# Getting a coyote gun



## 308 (Jul 10, 2007)

Does anyone know of a gun in 22-250 for $250-$300 :beer:

Shoot straight


----------



## mcudwort (Jun 25, 2007)

stevens makes a 22-250 for around 250.00.


----------



## CoyoteBlitz (Apr 11, 2007)

Check it out, not a bad gun. Probably one of the best for that price(just a guess). If you're gonna be hunting coyotes don't all caught up in trying to get MOA groups. If you can get 3-5 shots in a 2" group you're kill a yote.

http://www.savagearms.com/st_200short.htm
:sniper:


----------



## Bore.224 (Mar 23, 2005)

New England firearms single shot!!


----------



## hagfan72 (Apr 15, 2007)

Bore.224 said:


> New England firearms single shot!!


 :beer:

I agree.

Also, look at Rossi's line of interchangeable barrel guns
http://www.rossiusa.com/products/gunsel ... series=MFC

.223 is a helluva coyote round.


----------



## Longrifle2506 (Nov 14, 2006)

Hey, I know you have a set price range. But I just wanted you to know that on Gunbroker.com there is a Remington 700 ADL synthetic for $399. Brand new in the box. I tell you this because I think that a Remington 700 is by far the best choice out of the box, and you can own one for only $100 more above your limit.
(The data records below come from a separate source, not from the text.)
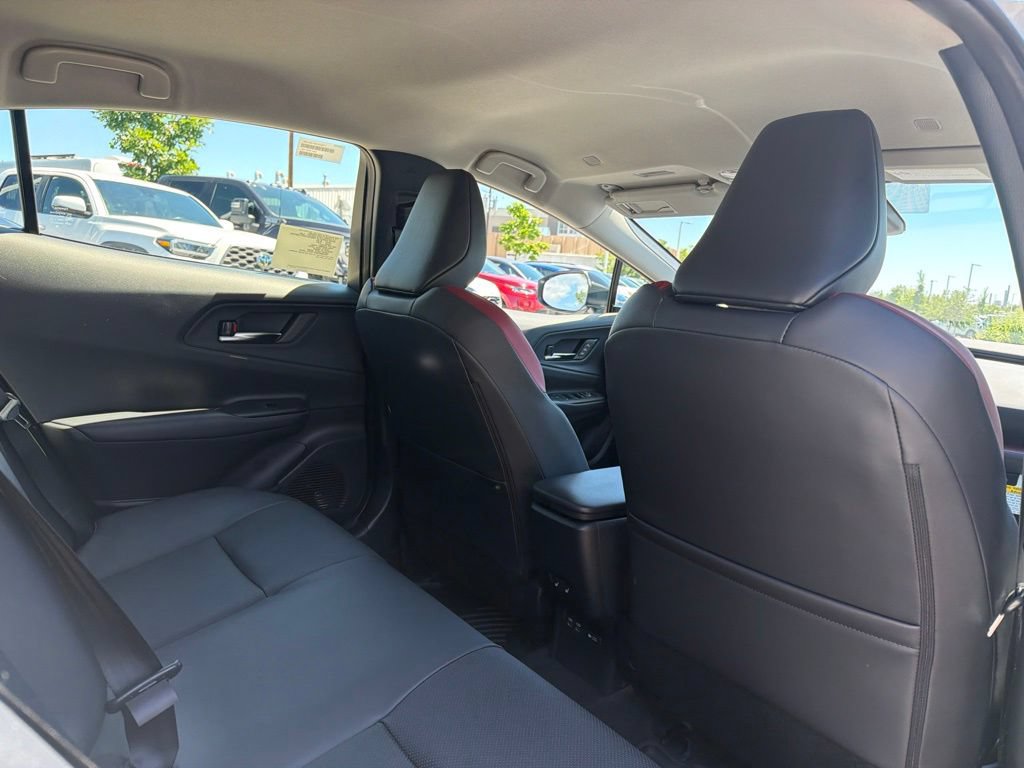 New 2026 Toyota Prius Plug-In Hybrid FWD image 16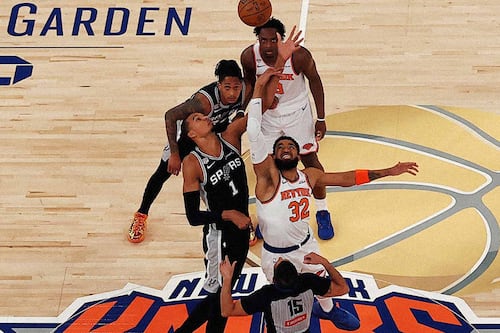 Knicks logran la mayor remontada en Finales de NBA; se levantaron de desventaja de 29 pts ante Spurs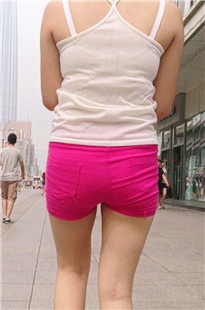 性感粉色小热裤MM[206M/MP4]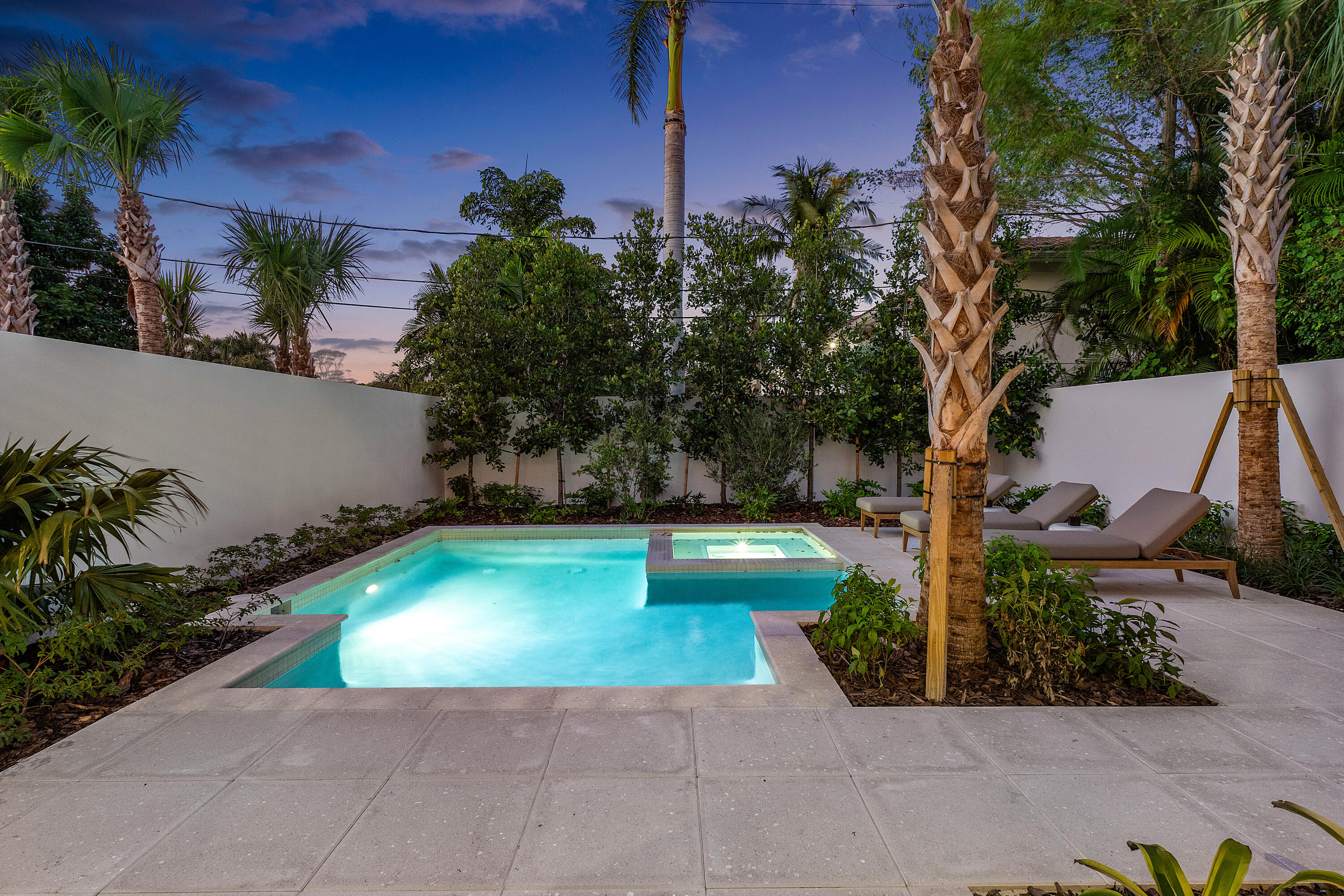 913 Bond Way, Delray Beach FL, 33483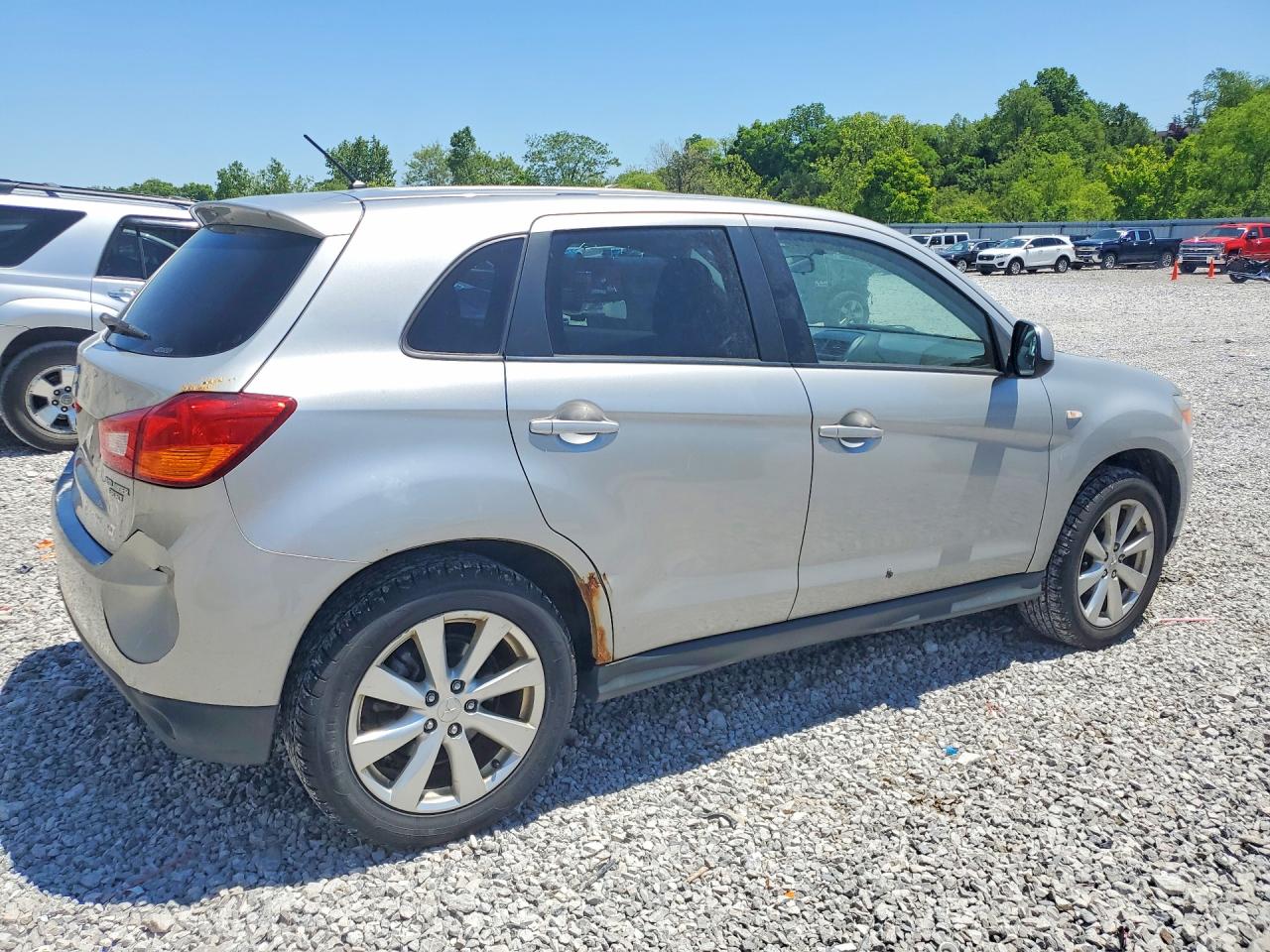 2013 Mitsubishi Outlander VIN 4A4AR3AU8DE002027 photo 3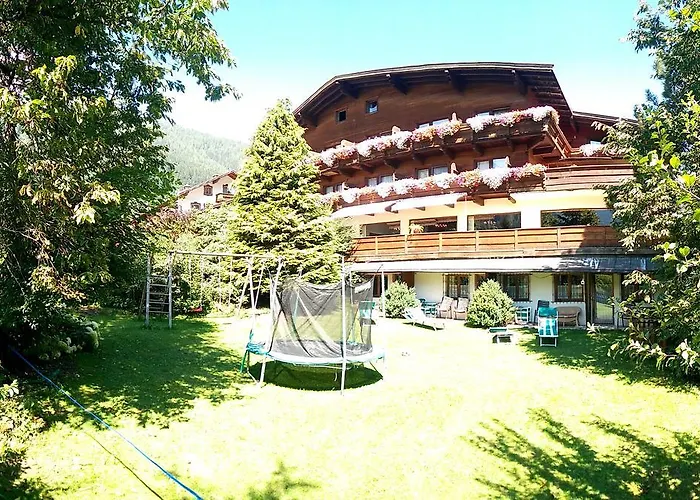 Hotel Rogen Neustift im Stubaital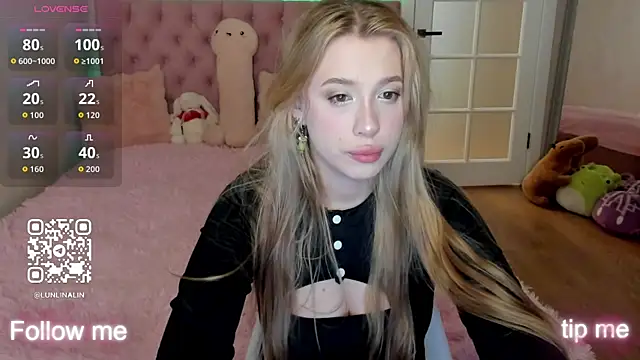 Snapshot of LightStar_18 chatting on 12/04/25, 08:08 LightStar 18 online show from 12/04/25, 08:08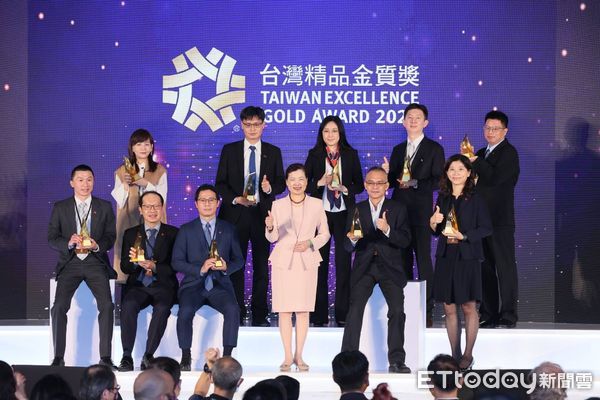 ▲經濟部部長王美花與10家第31屆台灣精品金質獎獲獎企業合影。(圖/貿協提供)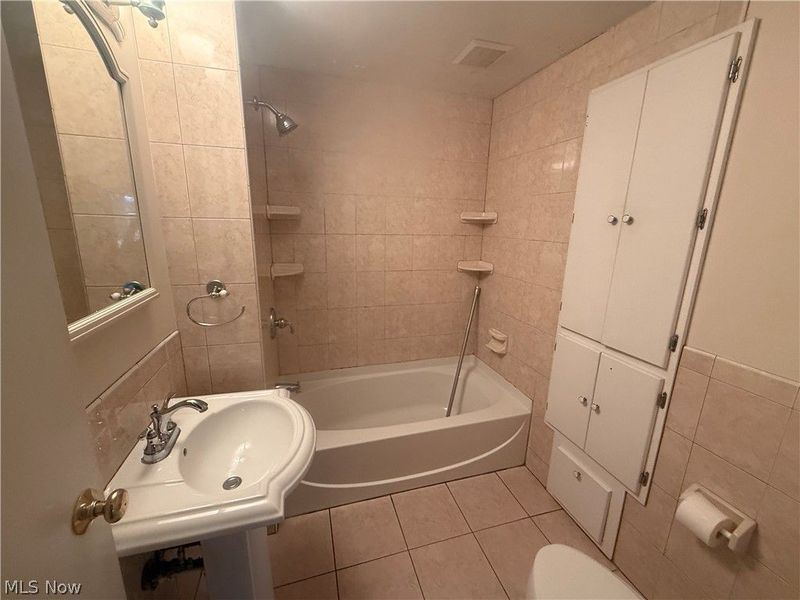 390 Oak Cliff Drive, Bay Village, OH 44140 Photo 11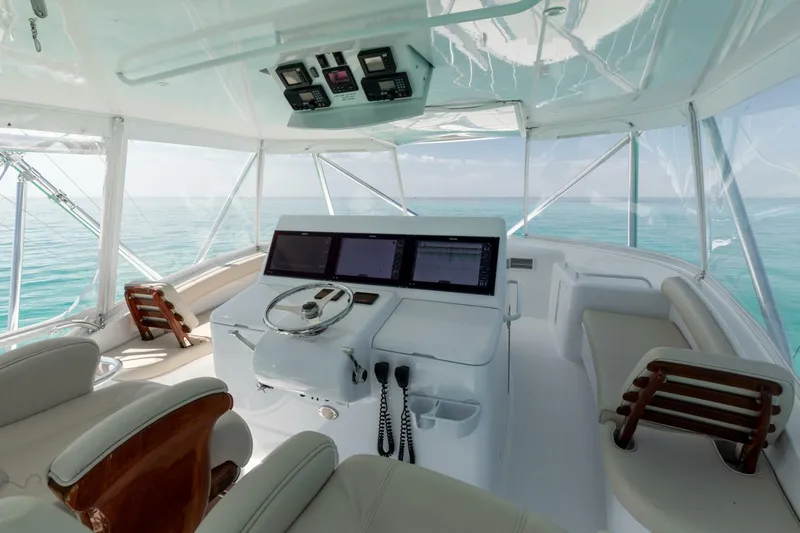 Slide: The Image of 2016 Hatteras GT60 KNOT ON CALL Helm 2 - 3858070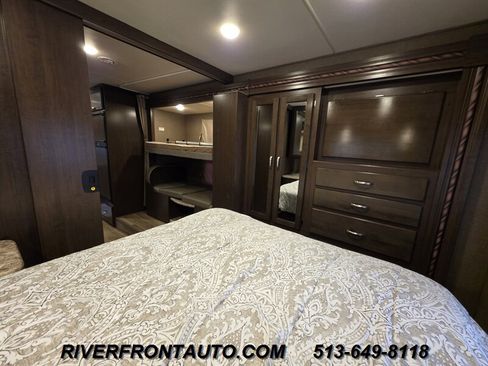 Used 2017 Ford E-450 and Econoline 450 Super Duty w/ Motorhome Prep Package RWD image 4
Gunbroker is the only place I looked, but you could quite possibly find one a little cheaper. It might be twice as much as a New England, but in my opinion, a Remington is ten times the gun that New England is.


----------



## SDHandgunner (Jun 22, 2004)

While not a .22-250, I did have a Stevens Model 200 in .223 and it is one gun I really regret selling. However I sold it to a guy I went to High School with for his son that is an aspiring Coyote Hunting so I know it went to someone that is going to truly enjoy it.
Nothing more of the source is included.